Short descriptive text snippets
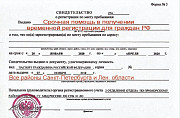 Временная регистрация в СПб для граждан РФ Санкт-Петербург
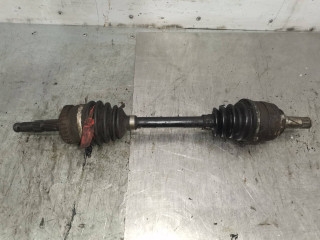 полуось передняя левая (приводной вал, ШРУС) Opel Corsa C 2001, 1.2 л., бензин, 5МКПП, хетчбэк 5 дв.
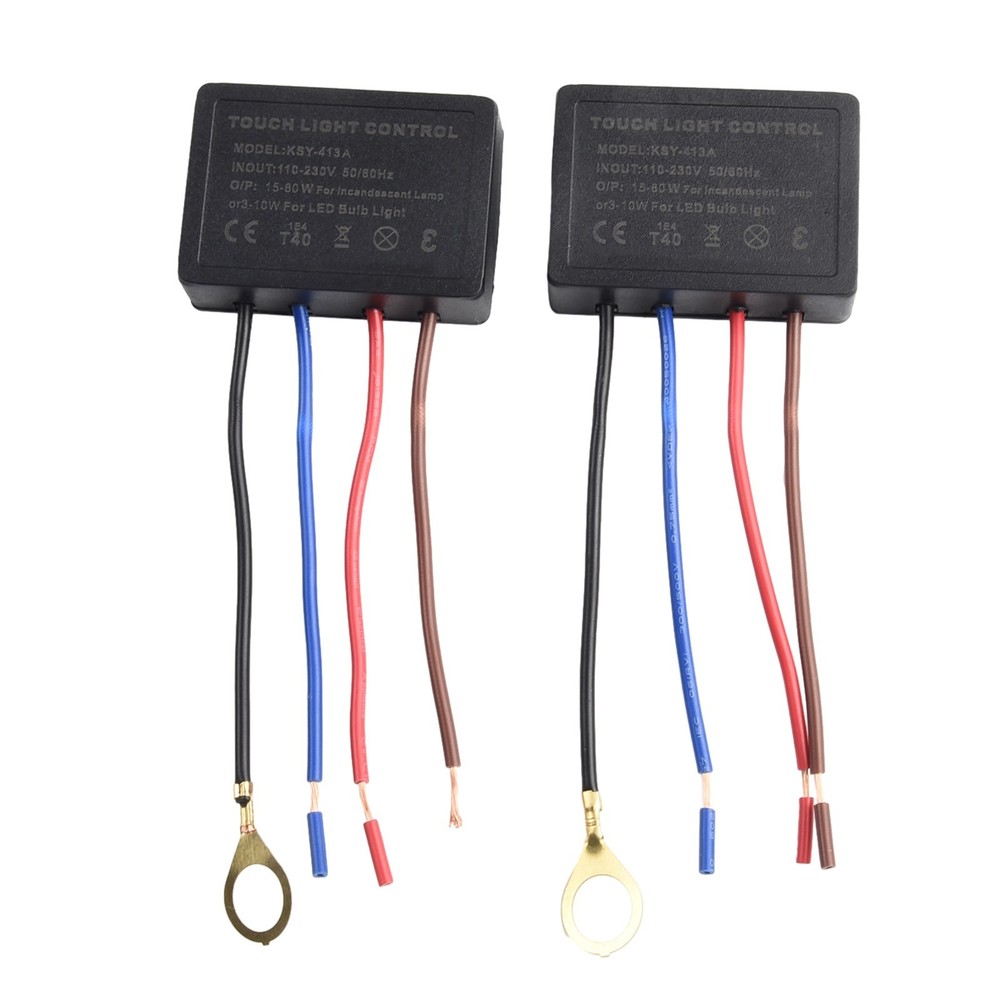 Table Lamps Dimmer Replacement Sensor Product Model Rated Current Rated Voltage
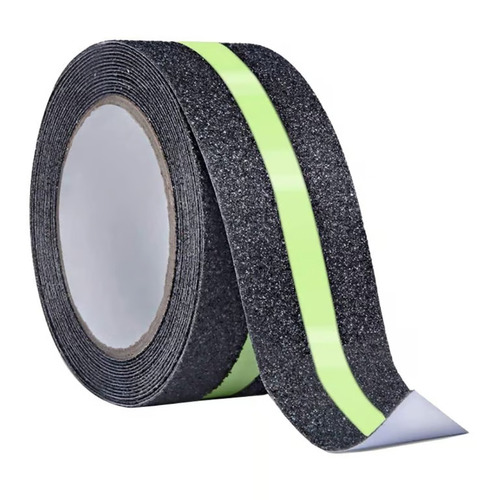 Anti-Slip Grip Glow In Dark Tape 16 Feet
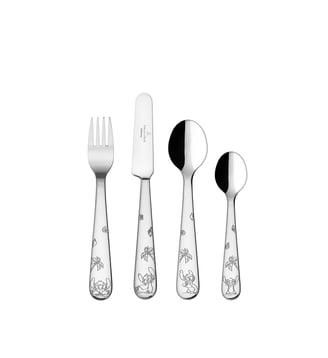 Couverts de table pour enfants, 4 pièces - Villeroy & Boch - Stainless steel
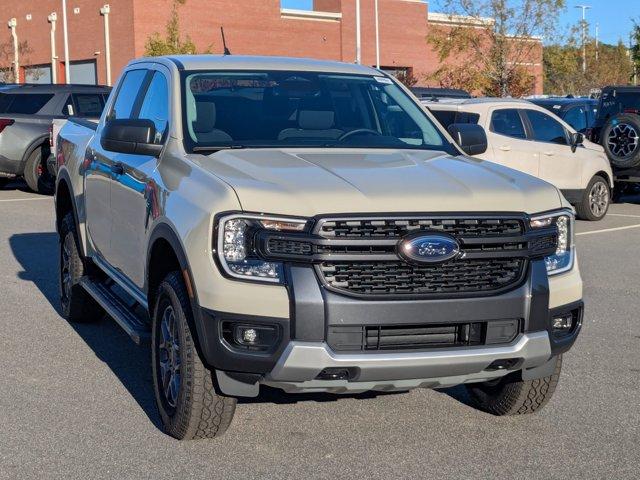New 2025 Ford Ranger XLT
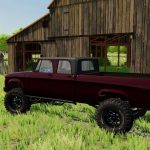 1964 dodge w200 power wagon v1.0 fs22 2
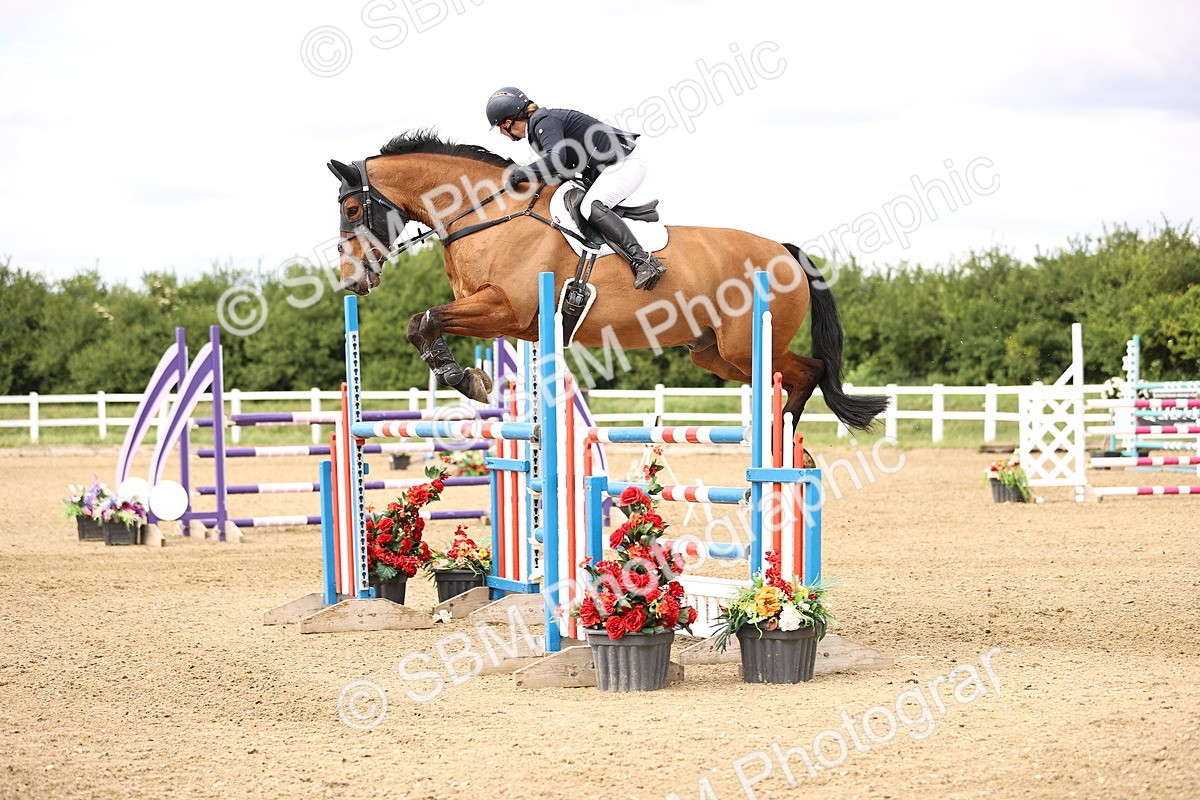 SBM_008059 - Class 21 - Senior Foxhunter - 1.20m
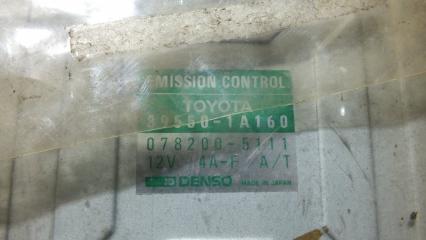 Блок управления ДВС TOYOTA COROLLA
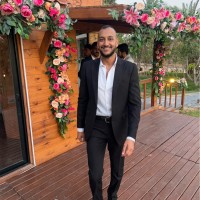 Omar Gabr El-Bagoury
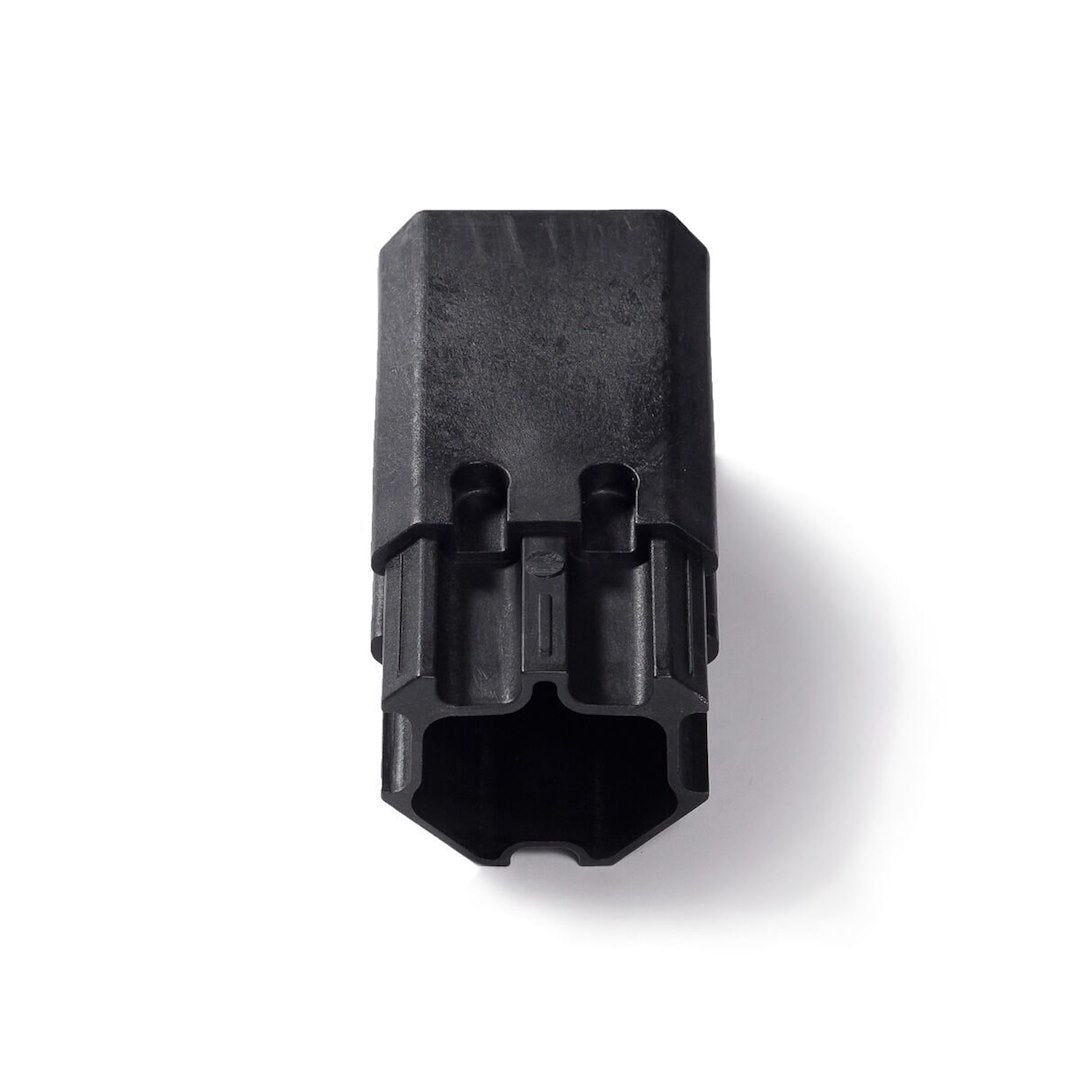 Putco 109858 Silverado HD Truck Bed Side Rail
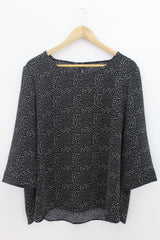 TOP Femenino CASUAL Mango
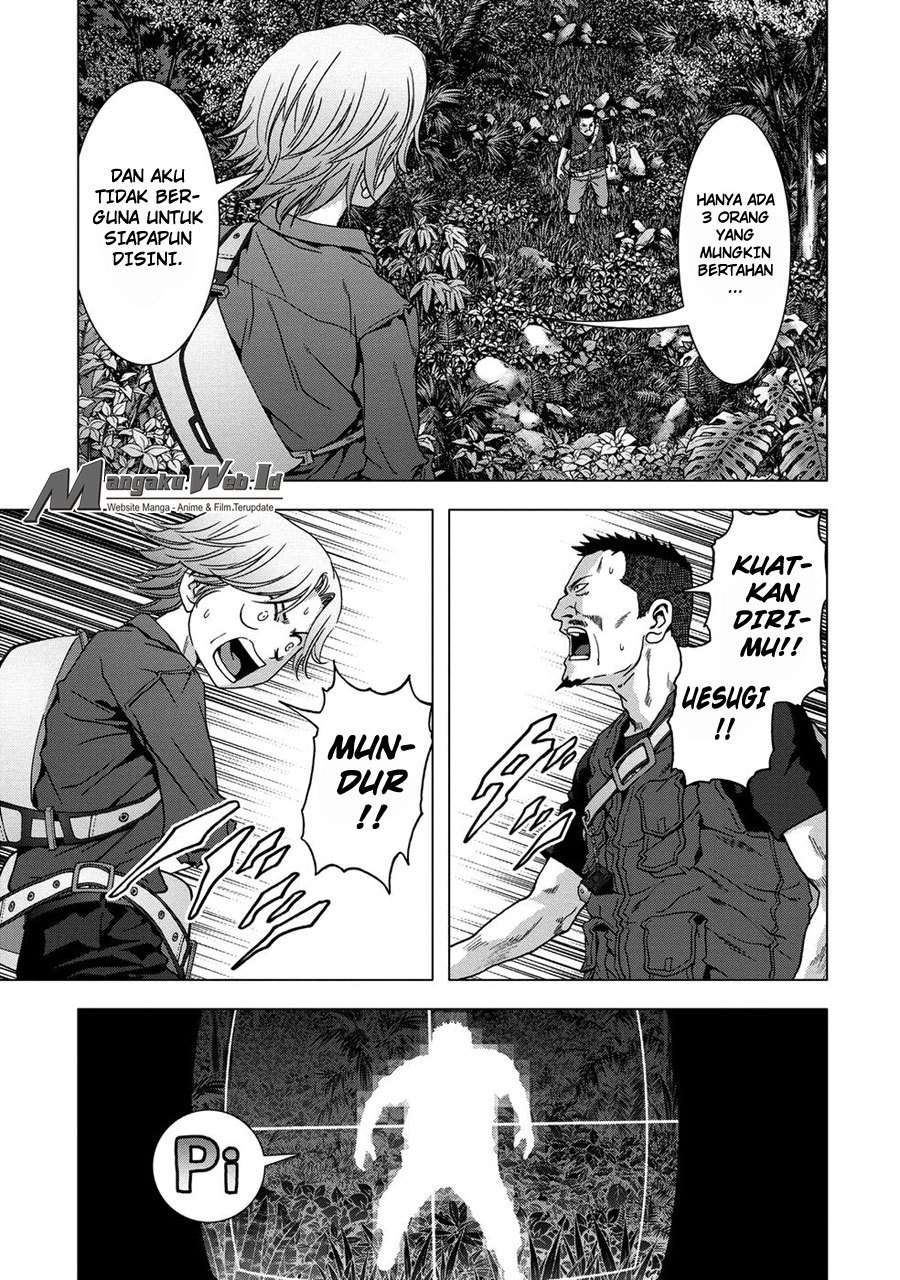 btooom - Chapter: 78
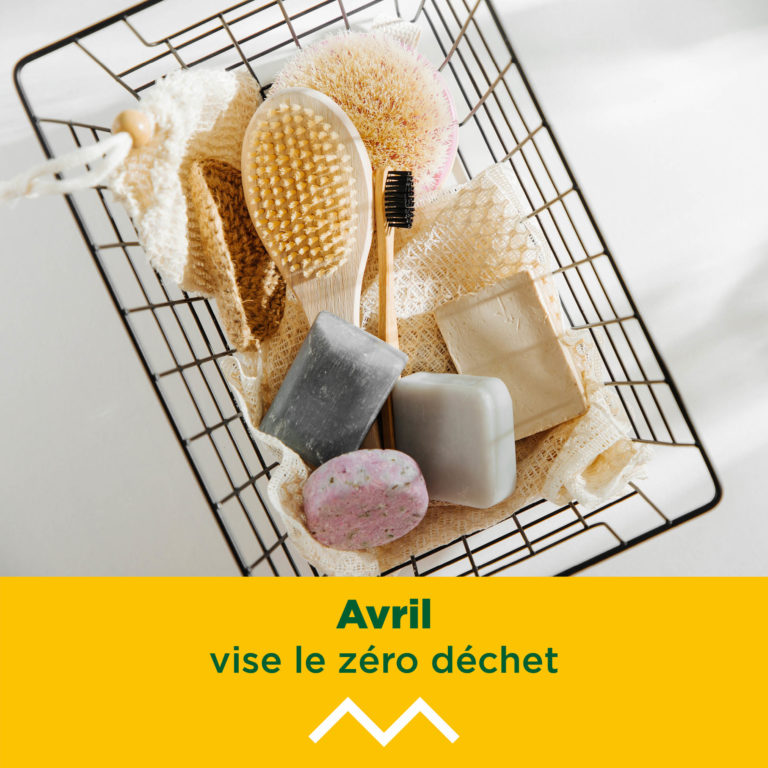 AVRIL s’engage sur une démarche Zéro déchet.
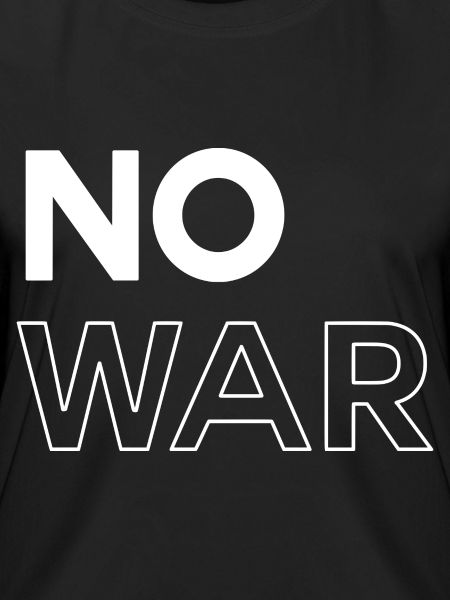 No War
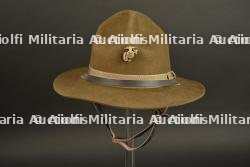 Campaign Hat USMC.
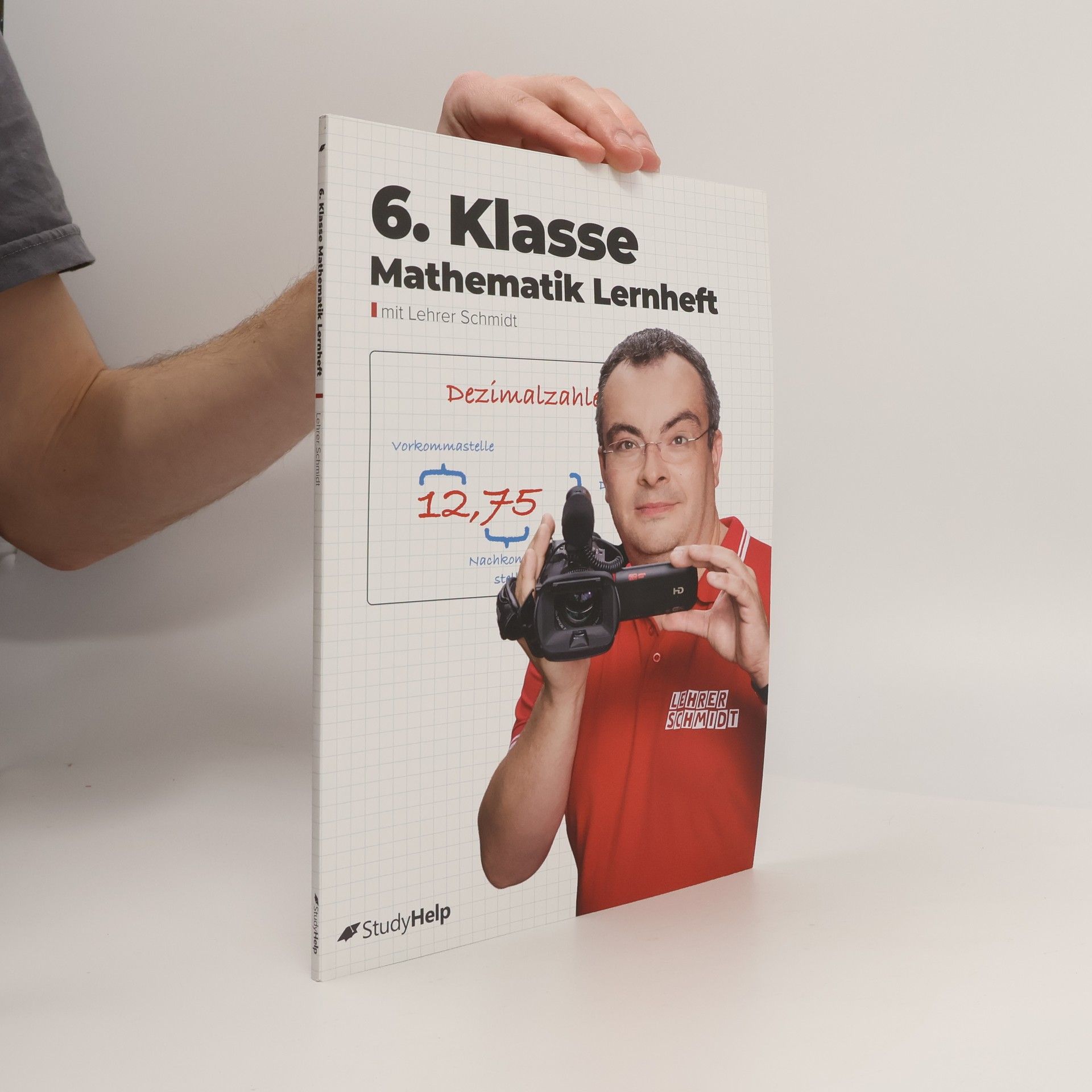 Kai Schmidt-Soltau 6. Klasse Mathematik Lernheft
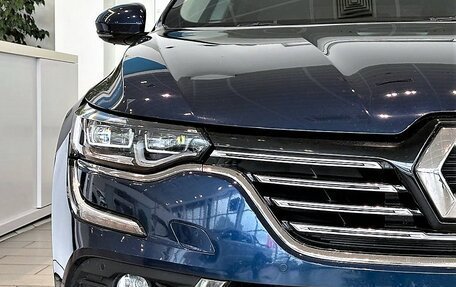 Renault Talisman, 2017 год, 1 636 000 рублей, 3 фотография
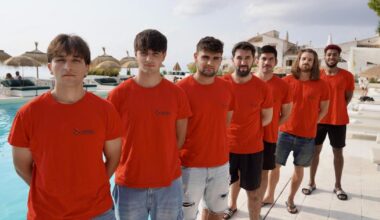 El Handbol Club Mallorca presenta a sus fichajes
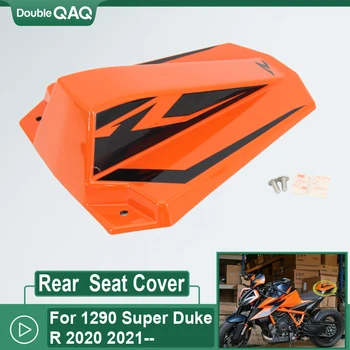 Už 1290 Super Duke R 2020-2021 Motociklo Galinio Keleivio Solo Sėdynės Gaubtas Padengti Pillion 21716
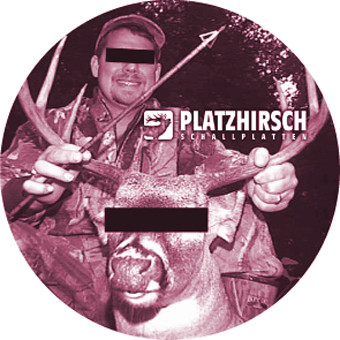 Graziano Avitabile - Flehmen EP | Platzhirsch Schallplatten (PLATZHIRSCH 03) - 3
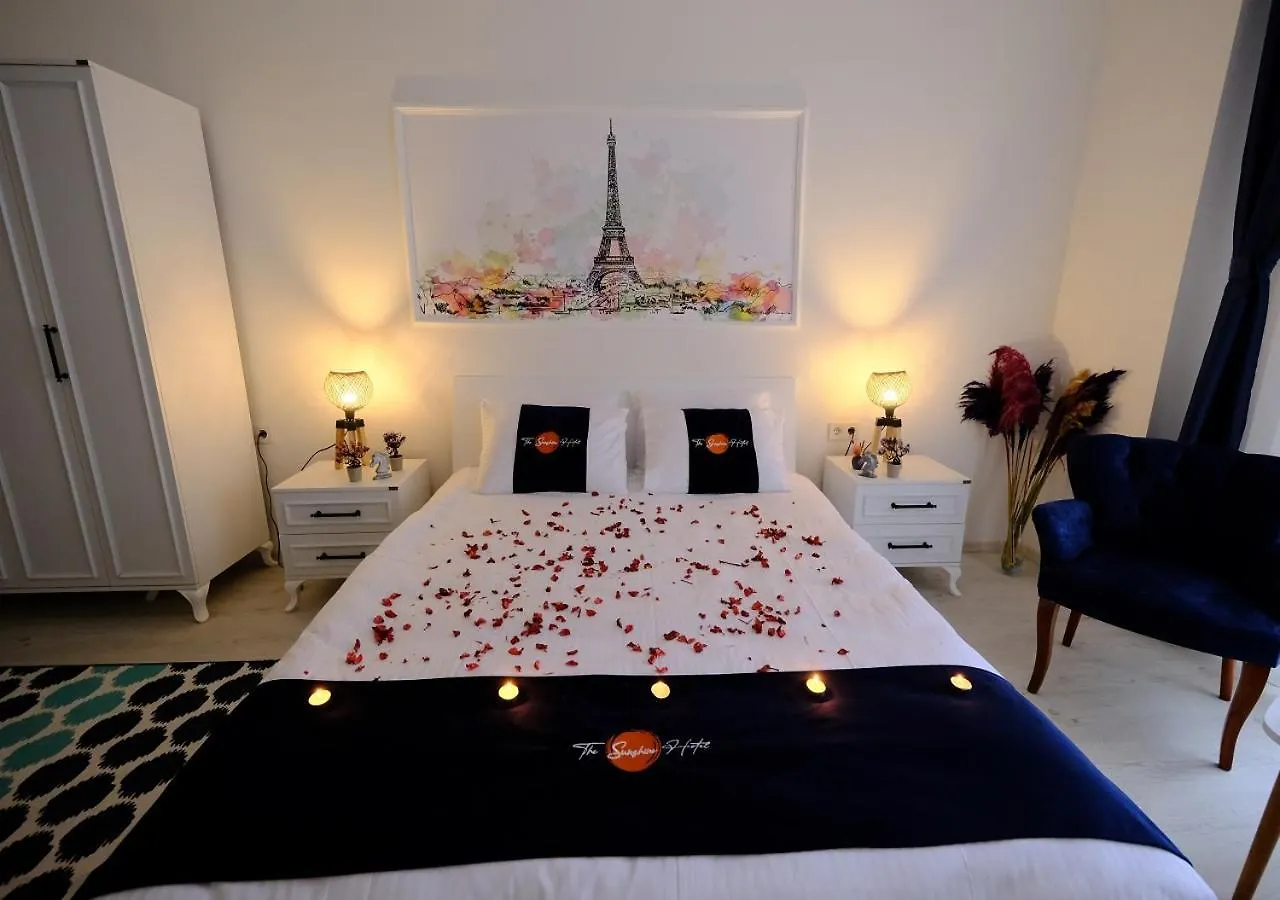 The Sunshine Otel & Spa Istanbul Turkey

> [TRY IT]:
Leave out the pictures and return, exactly as written, only the lines from the line with "El Handbol Club" through the end of the records above.

> [RESULT OF THIS TASK]:
 El Handbol Club Mallorca presenta a sus fichajes
 Už 1290 Super Duke R 2020-2021 Motociklo Galinio Keleivio Solo Sėdynės Gaubtas Padengti Pillion 21716
 Graziano Avitabile - Flehmen EP | Platzhirsch Schallplatten (PLATZHIRSCH 03) - 3
 The Sunshine Otel & Spa Istanbul Turkey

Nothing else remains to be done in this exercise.